Depreciation expense increased by approximately $596,000 primarily due to the increases of depreciation expense of (i) $322,000 from the 2006 Acquisitions, (ii) $70,000 from the Two 2005 Acquisitions, and (iii) $811,000 from all other communities. Increases of depreciation expense from all other communities resulted from asset additions made during the normal course of business. These increases were partially offset by a net decrease in depreciation expense of (i) $607,000 from the expiration of the amortization of fair market value of leases of acquired communities.

Property management expenses increased by approximately $867,000 from the third quarter of 2005 to the third quarter of 2006 primarily related to an increase in personnel incentives and franchise and excise taxes both resulting from improved property operations.
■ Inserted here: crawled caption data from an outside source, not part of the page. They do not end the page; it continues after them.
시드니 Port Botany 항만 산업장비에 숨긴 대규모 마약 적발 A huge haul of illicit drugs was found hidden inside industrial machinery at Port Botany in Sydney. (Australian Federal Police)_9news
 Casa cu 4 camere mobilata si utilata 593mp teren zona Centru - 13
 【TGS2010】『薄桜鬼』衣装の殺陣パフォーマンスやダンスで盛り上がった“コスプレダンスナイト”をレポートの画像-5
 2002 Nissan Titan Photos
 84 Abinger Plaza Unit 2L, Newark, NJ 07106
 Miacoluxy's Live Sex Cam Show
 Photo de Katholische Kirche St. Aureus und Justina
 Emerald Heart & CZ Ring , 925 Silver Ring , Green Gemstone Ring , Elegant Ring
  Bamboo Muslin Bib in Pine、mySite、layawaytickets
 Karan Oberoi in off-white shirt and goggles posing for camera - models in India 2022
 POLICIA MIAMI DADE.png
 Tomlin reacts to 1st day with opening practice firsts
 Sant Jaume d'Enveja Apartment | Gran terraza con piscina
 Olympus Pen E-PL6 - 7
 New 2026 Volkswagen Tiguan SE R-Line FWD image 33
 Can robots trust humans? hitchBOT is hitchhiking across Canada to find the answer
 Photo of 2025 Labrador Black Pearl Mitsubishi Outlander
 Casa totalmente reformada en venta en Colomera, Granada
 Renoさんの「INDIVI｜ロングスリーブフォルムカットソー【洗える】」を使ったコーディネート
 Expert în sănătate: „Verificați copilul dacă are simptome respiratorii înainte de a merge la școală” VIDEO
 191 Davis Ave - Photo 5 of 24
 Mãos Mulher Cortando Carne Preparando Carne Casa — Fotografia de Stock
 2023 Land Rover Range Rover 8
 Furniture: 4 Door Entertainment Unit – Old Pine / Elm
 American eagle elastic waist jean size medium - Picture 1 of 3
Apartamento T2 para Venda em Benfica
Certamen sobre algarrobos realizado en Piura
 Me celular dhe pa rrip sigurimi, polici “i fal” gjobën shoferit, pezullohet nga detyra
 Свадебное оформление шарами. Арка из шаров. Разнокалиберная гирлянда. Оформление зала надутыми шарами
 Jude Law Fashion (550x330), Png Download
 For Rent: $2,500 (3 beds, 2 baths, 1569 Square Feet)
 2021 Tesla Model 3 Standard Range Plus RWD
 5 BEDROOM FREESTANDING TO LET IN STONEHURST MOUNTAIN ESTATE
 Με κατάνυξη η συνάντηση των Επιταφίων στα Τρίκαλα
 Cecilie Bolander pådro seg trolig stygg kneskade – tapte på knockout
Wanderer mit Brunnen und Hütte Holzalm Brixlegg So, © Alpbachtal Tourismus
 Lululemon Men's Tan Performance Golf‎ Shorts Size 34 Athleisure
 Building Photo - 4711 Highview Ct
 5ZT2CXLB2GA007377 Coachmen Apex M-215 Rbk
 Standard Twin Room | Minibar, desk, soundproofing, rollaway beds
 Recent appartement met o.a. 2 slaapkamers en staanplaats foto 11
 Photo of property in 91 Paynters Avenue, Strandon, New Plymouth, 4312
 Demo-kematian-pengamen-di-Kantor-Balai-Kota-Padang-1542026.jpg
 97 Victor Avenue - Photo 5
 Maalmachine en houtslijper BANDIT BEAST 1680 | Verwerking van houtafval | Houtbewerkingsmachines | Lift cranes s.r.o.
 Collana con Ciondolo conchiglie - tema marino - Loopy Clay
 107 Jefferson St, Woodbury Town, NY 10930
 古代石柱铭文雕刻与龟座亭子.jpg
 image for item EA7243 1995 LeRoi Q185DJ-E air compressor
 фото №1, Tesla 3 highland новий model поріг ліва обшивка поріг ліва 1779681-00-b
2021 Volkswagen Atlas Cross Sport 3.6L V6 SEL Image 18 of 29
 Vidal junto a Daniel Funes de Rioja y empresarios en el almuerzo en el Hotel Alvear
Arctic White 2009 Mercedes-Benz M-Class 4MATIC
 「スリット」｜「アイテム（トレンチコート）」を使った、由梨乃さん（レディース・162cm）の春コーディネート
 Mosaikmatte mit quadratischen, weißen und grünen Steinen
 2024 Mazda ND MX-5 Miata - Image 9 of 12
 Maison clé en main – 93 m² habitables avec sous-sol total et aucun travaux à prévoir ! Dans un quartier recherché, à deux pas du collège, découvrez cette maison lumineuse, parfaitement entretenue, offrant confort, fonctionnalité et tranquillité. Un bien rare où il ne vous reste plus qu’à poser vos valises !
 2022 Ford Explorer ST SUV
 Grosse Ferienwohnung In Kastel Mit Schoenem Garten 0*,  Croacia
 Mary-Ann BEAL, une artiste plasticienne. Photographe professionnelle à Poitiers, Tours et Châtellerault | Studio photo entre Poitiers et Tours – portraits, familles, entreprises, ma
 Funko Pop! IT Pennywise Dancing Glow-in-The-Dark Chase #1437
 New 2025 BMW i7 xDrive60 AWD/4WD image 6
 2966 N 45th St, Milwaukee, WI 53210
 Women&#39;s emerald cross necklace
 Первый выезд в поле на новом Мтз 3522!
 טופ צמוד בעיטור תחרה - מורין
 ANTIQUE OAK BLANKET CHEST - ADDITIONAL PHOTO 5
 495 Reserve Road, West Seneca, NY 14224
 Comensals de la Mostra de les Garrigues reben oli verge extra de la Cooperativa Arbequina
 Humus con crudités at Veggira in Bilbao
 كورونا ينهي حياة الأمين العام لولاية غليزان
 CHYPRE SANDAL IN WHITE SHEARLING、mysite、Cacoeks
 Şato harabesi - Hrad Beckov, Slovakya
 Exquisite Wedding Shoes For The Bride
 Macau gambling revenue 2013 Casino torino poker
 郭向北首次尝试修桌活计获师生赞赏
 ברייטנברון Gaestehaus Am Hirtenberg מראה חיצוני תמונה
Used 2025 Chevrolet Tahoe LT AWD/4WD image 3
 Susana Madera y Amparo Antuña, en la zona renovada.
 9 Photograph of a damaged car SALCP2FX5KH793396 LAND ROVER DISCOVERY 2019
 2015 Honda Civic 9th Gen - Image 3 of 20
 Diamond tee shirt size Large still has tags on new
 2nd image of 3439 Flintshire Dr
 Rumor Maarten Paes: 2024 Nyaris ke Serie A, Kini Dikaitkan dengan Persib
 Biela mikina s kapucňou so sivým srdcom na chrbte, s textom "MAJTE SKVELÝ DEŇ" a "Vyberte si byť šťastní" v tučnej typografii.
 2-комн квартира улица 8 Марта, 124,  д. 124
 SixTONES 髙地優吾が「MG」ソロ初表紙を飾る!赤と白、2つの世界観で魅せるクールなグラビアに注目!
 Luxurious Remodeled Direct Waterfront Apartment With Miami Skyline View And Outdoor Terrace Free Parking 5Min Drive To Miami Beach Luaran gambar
General and administrative expenses increased by approximately $336,000 over this same period. No individual items accounted for any significant amount of the increase.

Interest expense increased approximately $254,000 in the three months ended September 30, 2006, from the three months ended September 30, 2005, primarily due to the increase in the amount of debt outstanding of $1.14 billion at September 30, 2005, to $1.20 billion at September 30, 2006, and the increase in the Company’s average borrowing cost by 4 basis points from 5.39% over the three months ended September 30, 2005, to 5.43% over the three months ended September 30, 2006.

In the three months ended September 30, 2005, the Company benefited from a net gain on insurance and other settlement proceeds of approximately $874,000 mainly related to hurricane related claims.

Primarily as a result of the foregoing, net income increased by approximately $2,015,000 in the third quarter of 2006 from the third quarter of 2005.


 

COMPARISON OF THE NINE MONTHS ENDED SEPTEMBER 30, 2006 TO THE NINE MONTHS ENDED SEPTEMBER 30, 2005

Property revenues for the nine months ended September 30, 2006, increased by approximately $22,745,000 from the nine months ended September 30, 2005, due to (i) a $5,119,000 increase in property revenues from the 2006 Acquisitions, (ii) a $4,966,000 increase in property revenues from the three properties acquired in 2005 (the “2005 Acquisitions”), and (iii) $12,660,000 increase in property revenues from all other communities. The increase in property revenues from all other communities was generated primarily by the Company’s same store portfolio and was driven by increased average rent per unit over 2005.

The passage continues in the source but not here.